◆ **WORK INSTRUCTIONS**: Extract the lines up to and including the one that contains "Lex Altern TPU", starting with the first line of the entries below, and omit the pictures.

◆ **INFORMATION SHOWN**:
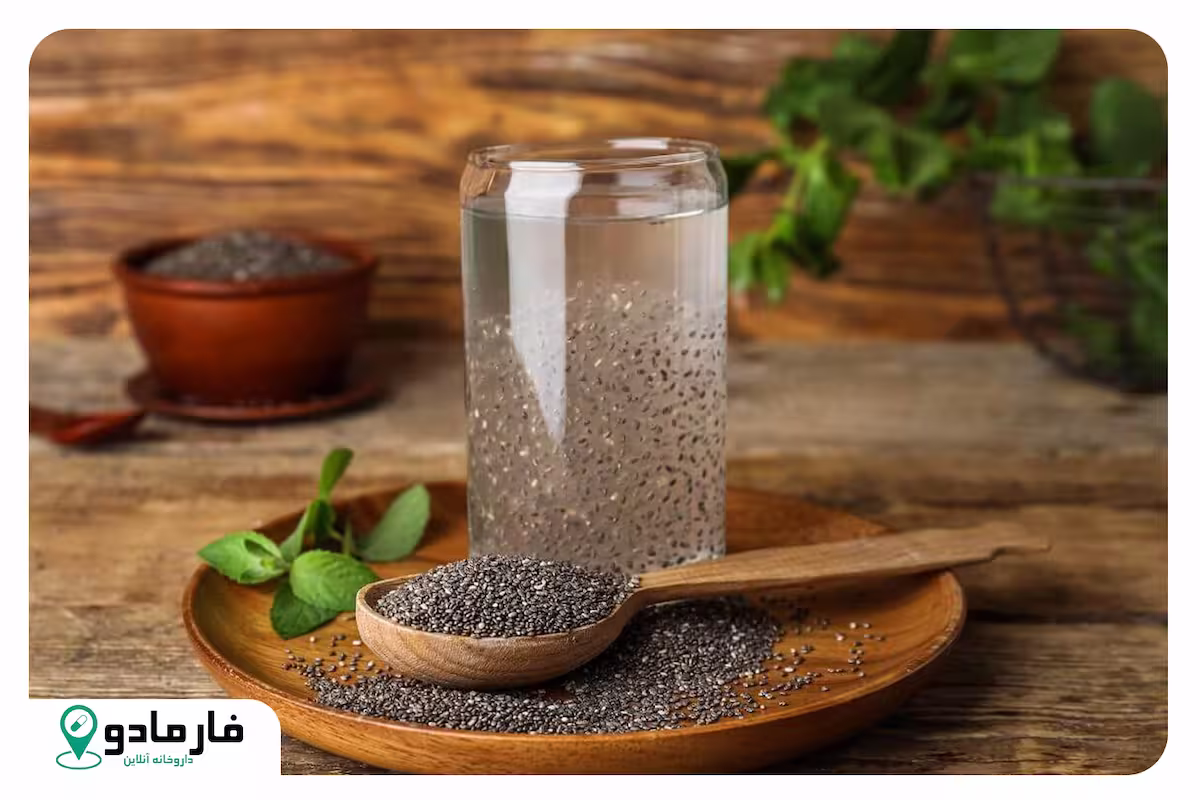 دانه چیا برای لاغری بهتر است یا تخم شربتی؟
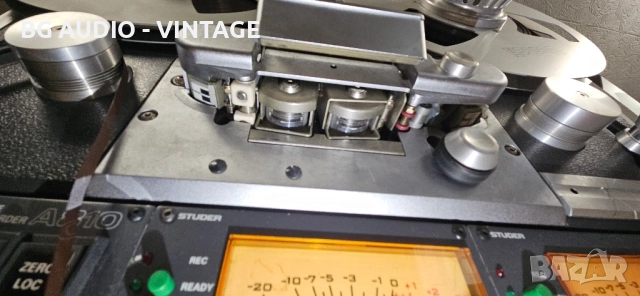 Studer A810 ролков магнетофон, снимка 3 - Декове - 51827307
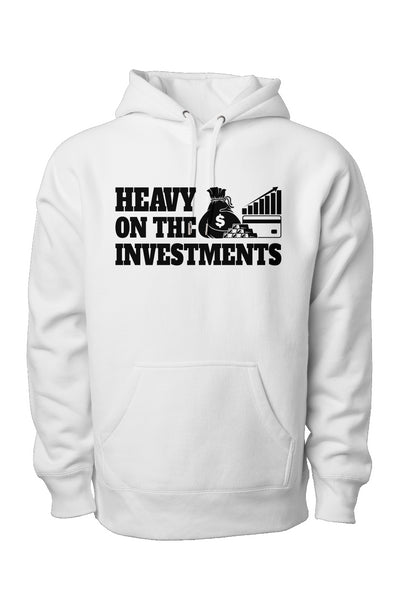 Heavy On The Investments Unisex Hoodie 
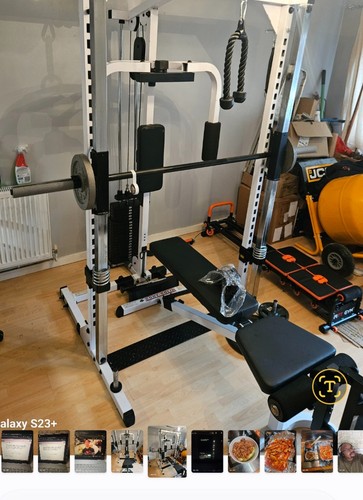 Multi gym with smith machine - multi,
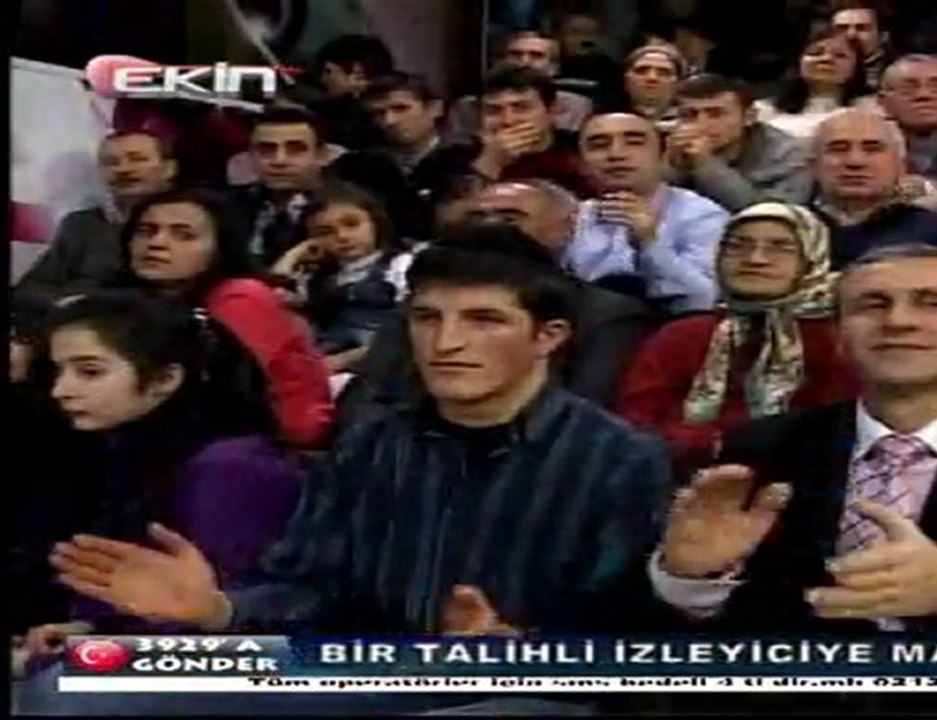 EKİN TV RAFET DUMAN ADIM ADIM BİZİM ELLER 22-01-2012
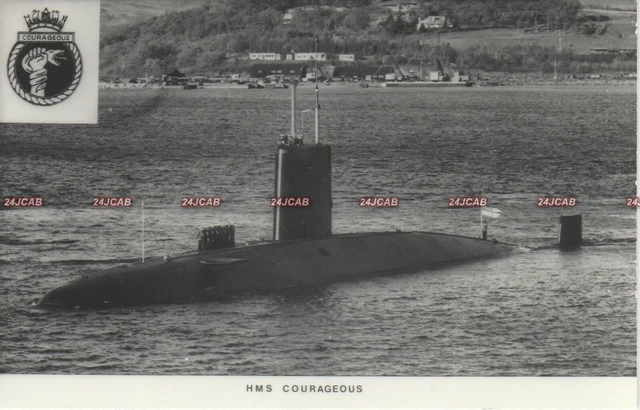 ROYAL NAVY RP Postcard. HMS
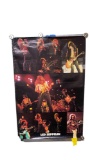 Vintage Led Zeppelin Concert Collage Poster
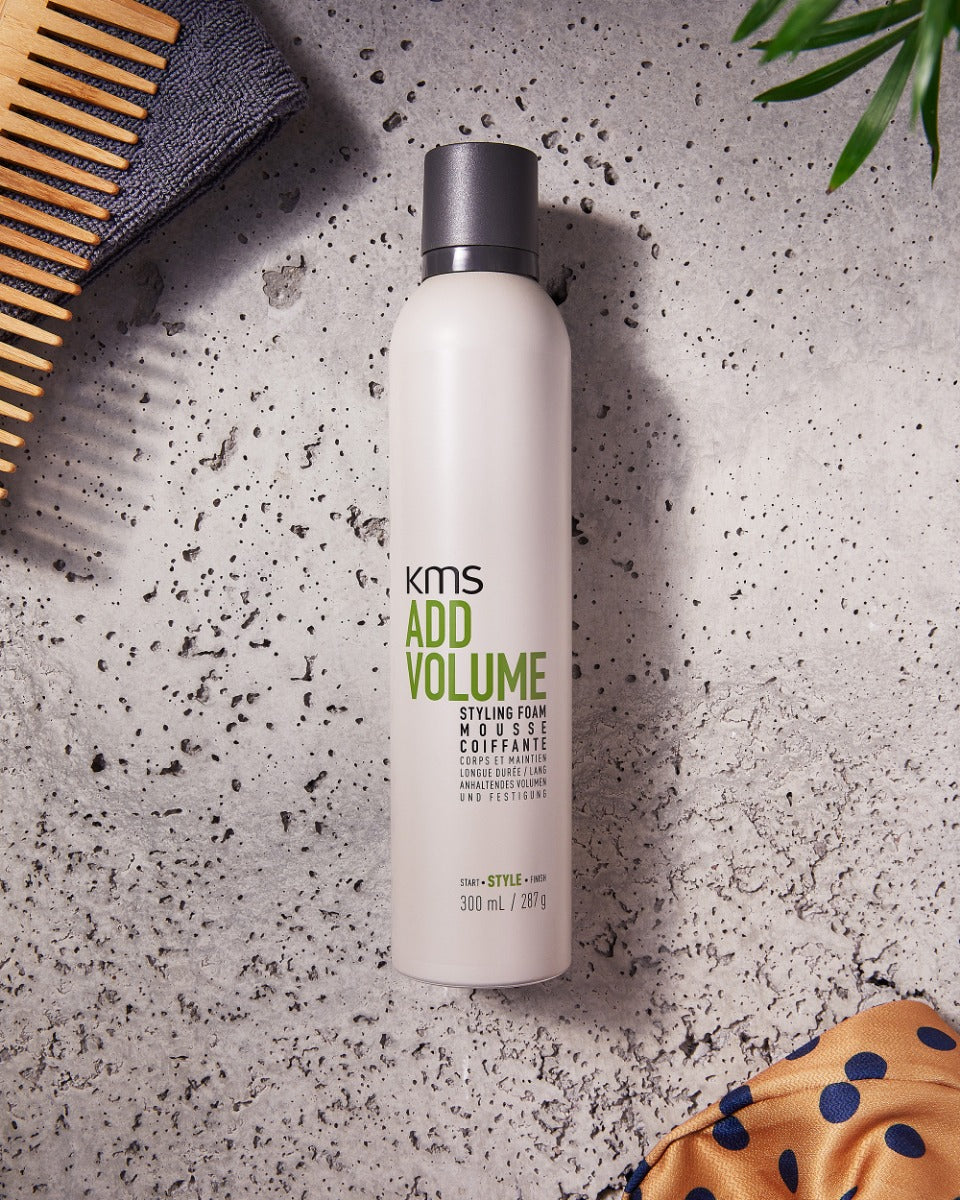 KMS ADDVOLUME STYLING FOAM 6% 300ML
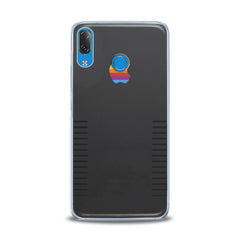 Lex Altern TPU Silicone Lenovo Case Rainbow Apple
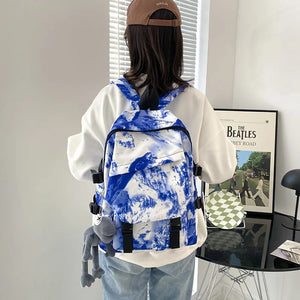 Waterproof Large Capacity Teenager Backpack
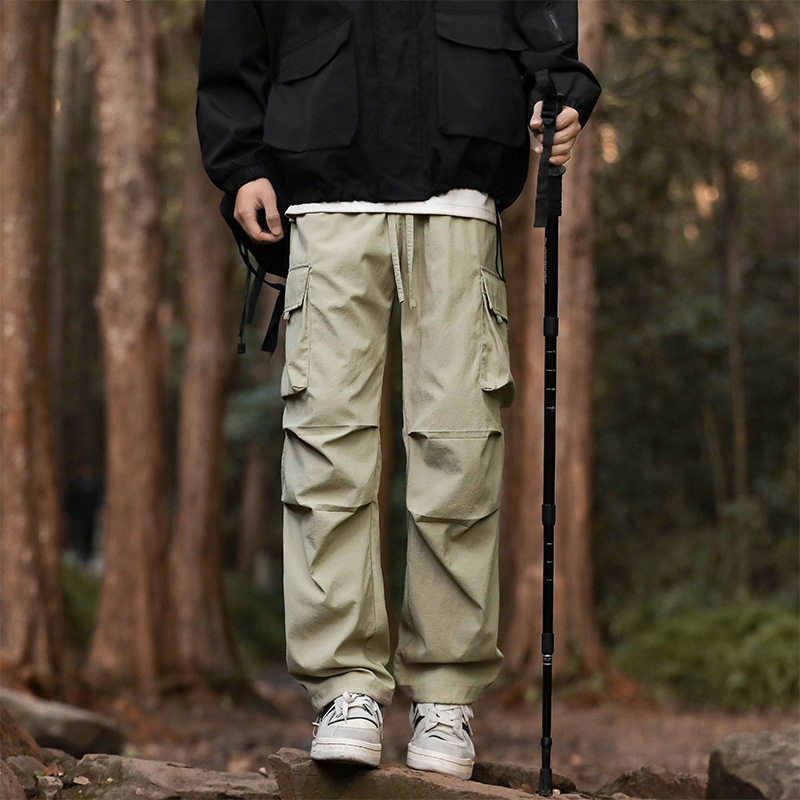 Paratroopers Pants Workers Tid - Woodworking Overalls avaliação e preço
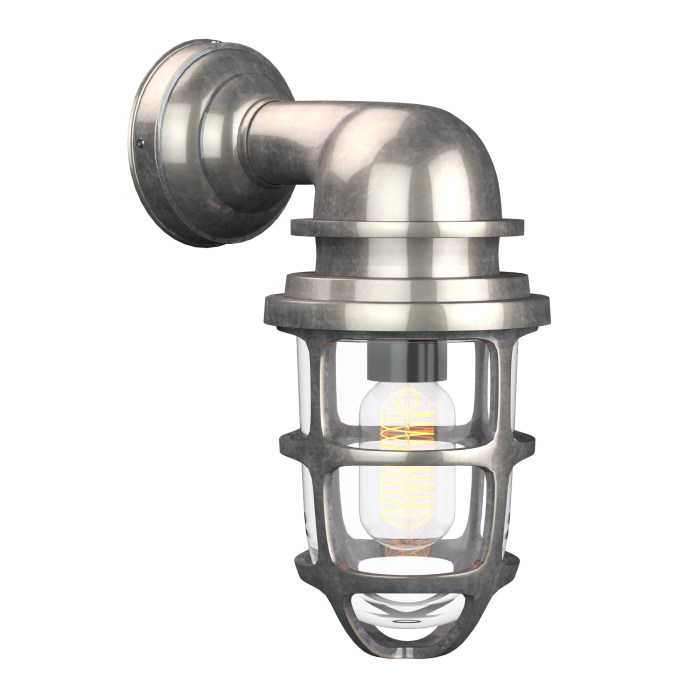 Уличный настенный светильник Covali WL-59895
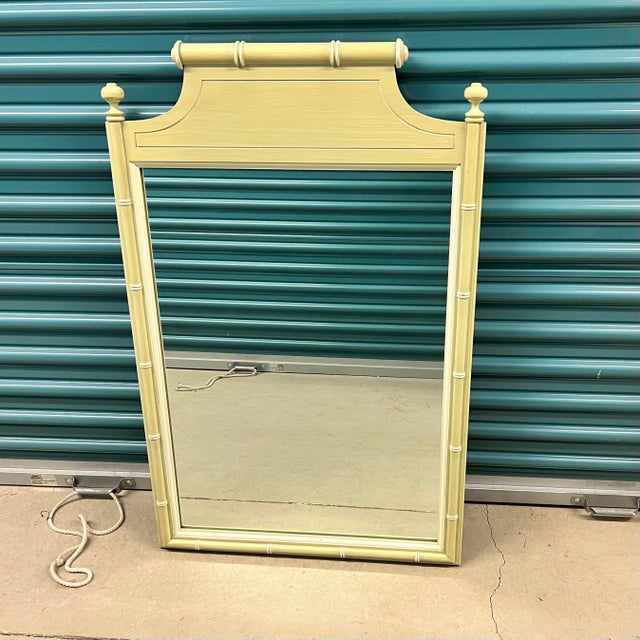 Henry Link Faux Bamboo Bali Hai Mirror Chairish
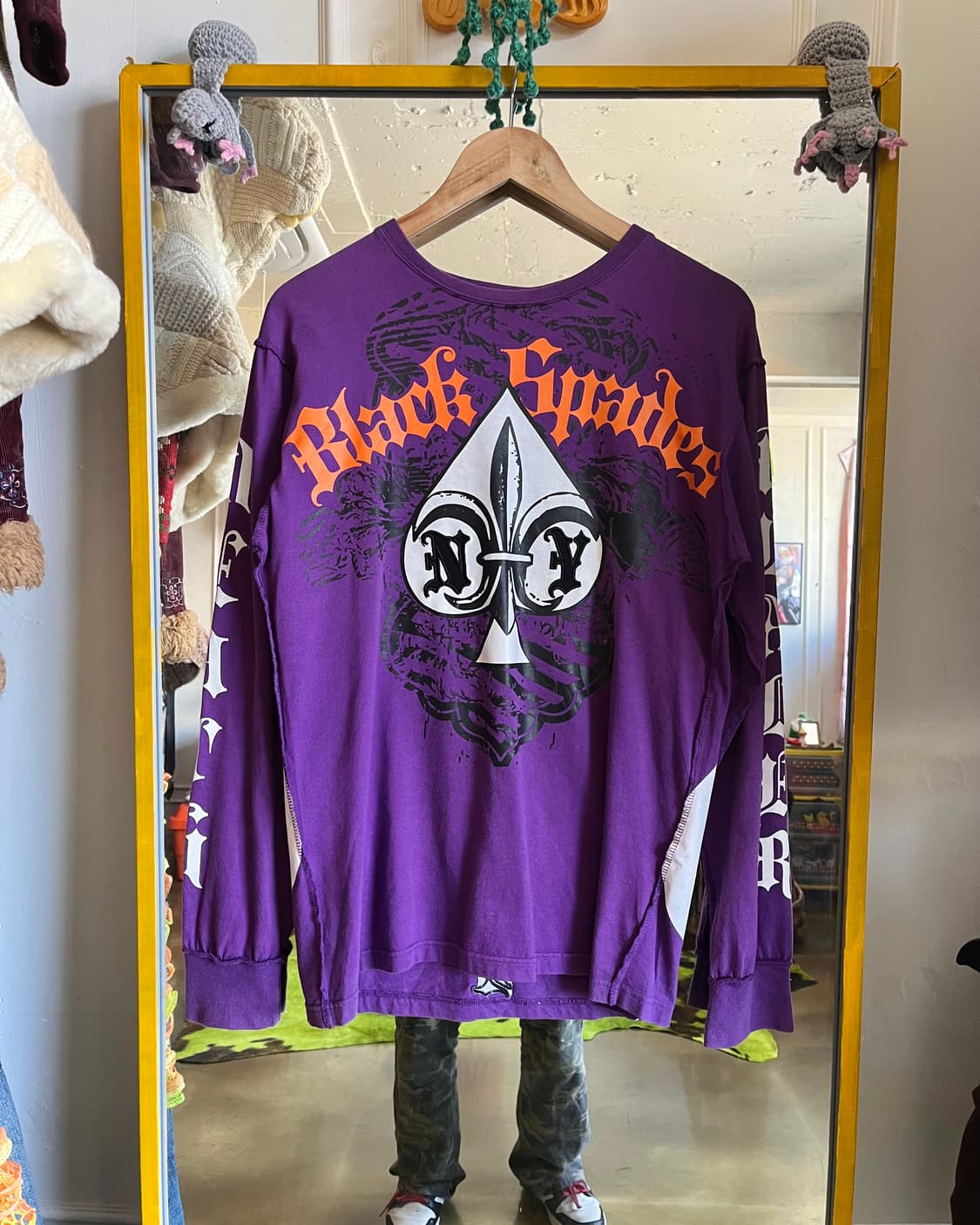 1980-90s Blac Label Punk Long-Sleeve 상품이미지4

◆ **RESULT**:
 دانه چیا برای لاغری بهتر است یا تخم شربتی؟
 Studer A810 ролков магнетофон, снимка 3 - Декове - 51827307
 Heavy On The Investments Unisex Hoodie 
 Multi gym with smith machine - multi,
 EKİN TV RAFET DUMAN ADIM ADIM BİZİM ELLER 22-01-2012
 ROYAL NAVY RP Postcard. HMS
 Vintage Led Zeppelin Concert Collage Poster
 KMS ADDVOLUME STYLING FOAM 6% 300ML
 Lex Altern TPU Silicone Lenovo Case Rainbow Apple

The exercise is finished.